BEGIN SUPPLIED RECORDS
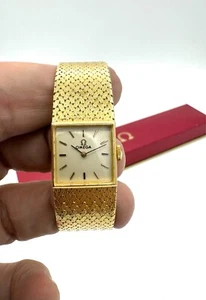 Montre Dame - Omega vintage or 18 carats - Mécanique - Picture 1 of 5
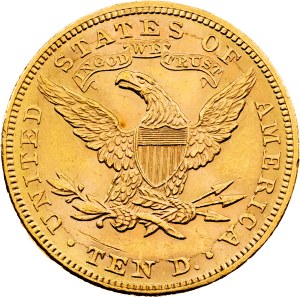 USA, 10 Dollars 1893, Philadelphia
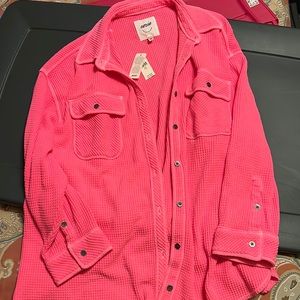Not NWT Aerie Pink Lumberjane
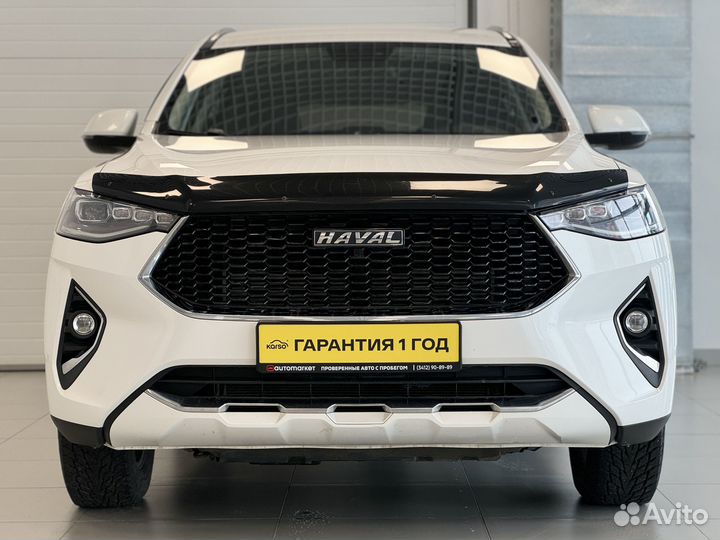 HAVAL F7 1.5 AMT, 2021, 62 000 км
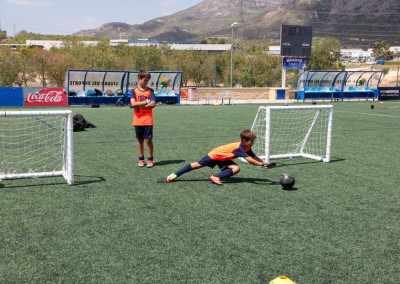 campus de fútbol del Sunderland 2017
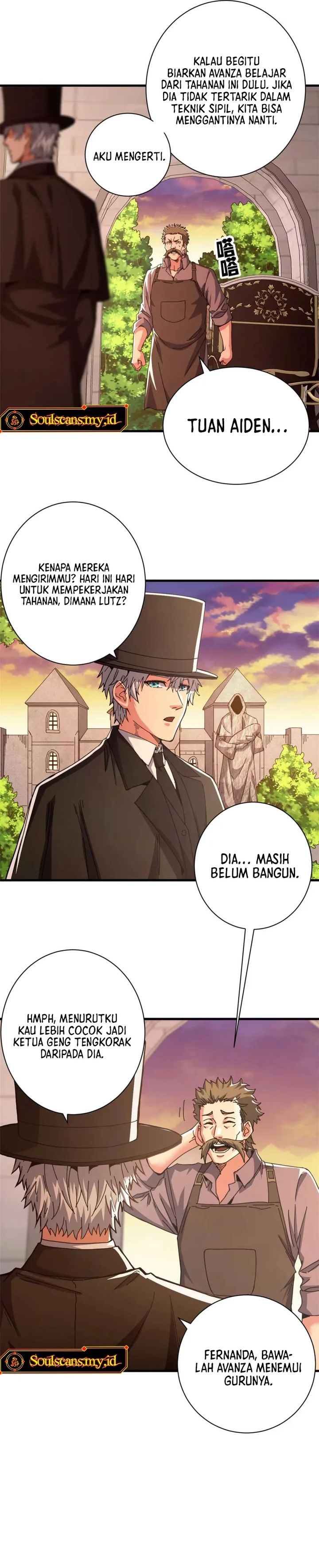 A Transmigrated Warden’s Battle for Redemption chapter 82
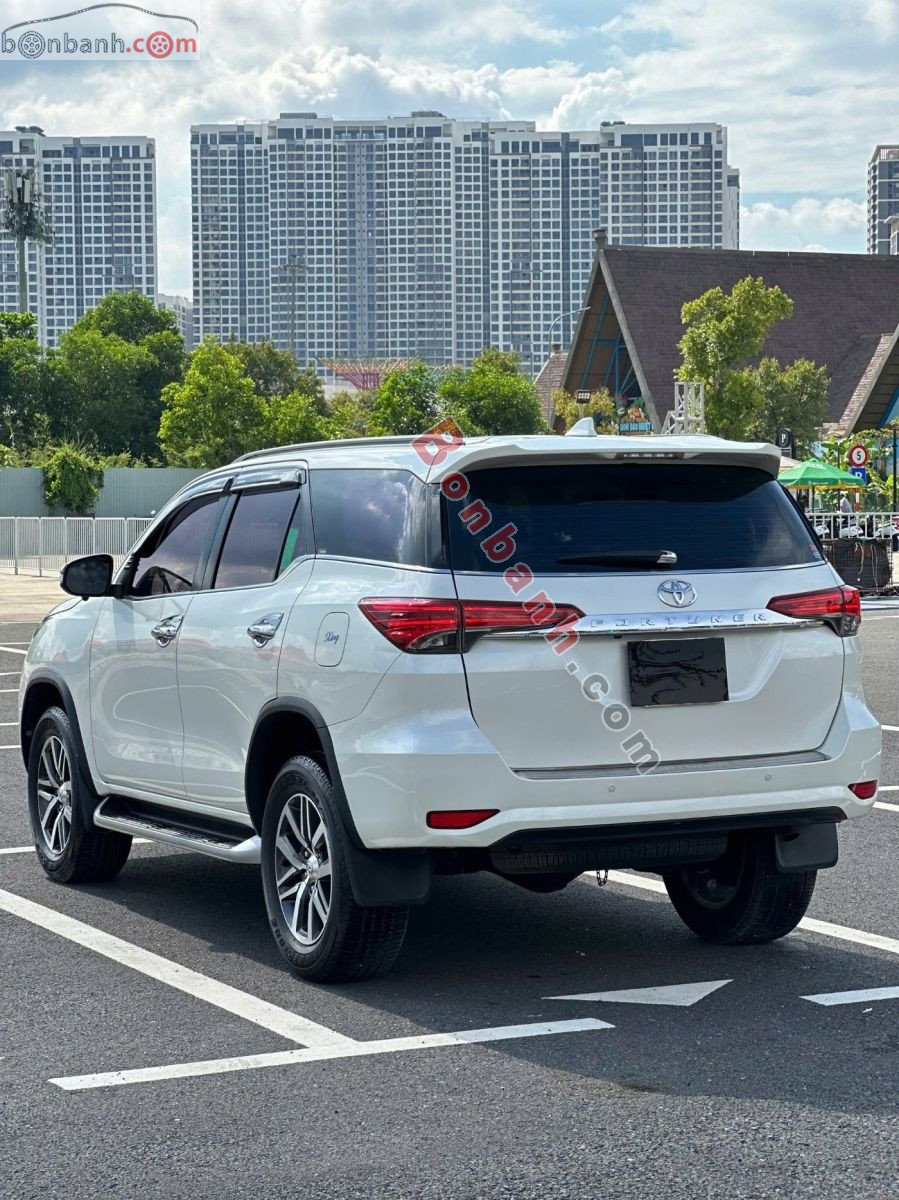Bán ô tô Toyota Fortuner 2.7V 4x4 AT - 2017 - xe cũ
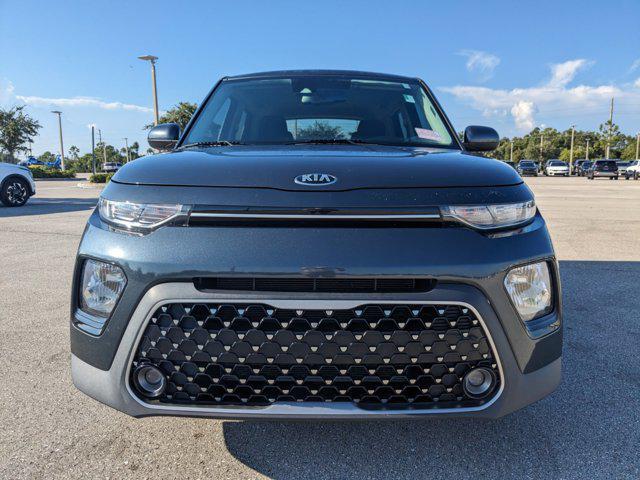 used 2021 Kia Soul car, priced at $16,472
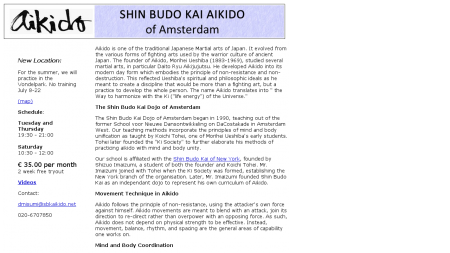 Aikido Shin Budo Kai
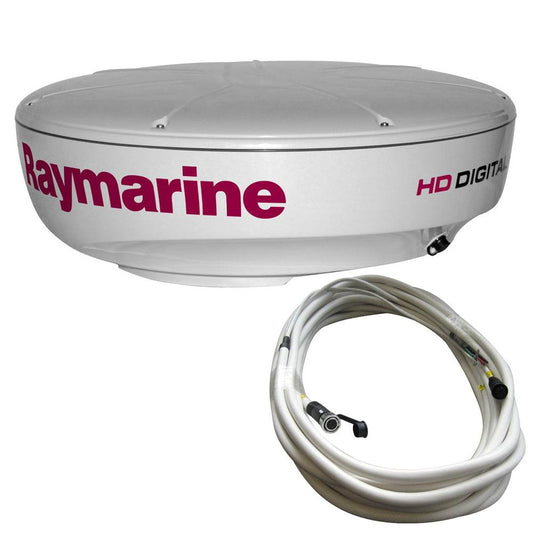 Raymarine RD418HD Hi-Def Digital Radar Dome w/10M Cable [T70168] - Suncoast Marine & Auto Supply 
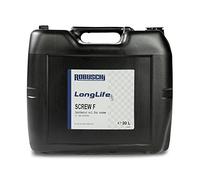 Huile Longlife d’origine Screw F - Huile synthétique pour surpresseur à vis, bidon 20 l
END SUPPLIED RECORDS
EXERCISE DETAILS –
Exact copy, no pictures: please print every record above as written.

TASK SOLUTION –
 Montre Dame - Omega vintage or 18 carats - Mécanique - Picture 1 of 5
 USA, 10 Dollars 1893, Philadelphia
Not NWT Aerie Pink Lumberjane
 HAVAL F7 1.5 AMT, 2021, 62 000 км
 campus de fútbol del Sunderland 2017
 A Transmigrated Warden’s Battle for Redemption chapter 82
Bán ô tô Toyota Fortuner 2.7V 4x4 AT - 2017 - xe cũ
 used 2021 Kia Soul car, priced at $16,472
 Aikido Shin Budo Kai
 Raymarine RD418HD Hi-Def Digital Radar Dome w/10M Cable [T70168] - Suncoast Marine & Auto Supply 
 Huile Longlife d’origine Screw F - Huile synthétique pour surpresseur à vis, bidon 20 l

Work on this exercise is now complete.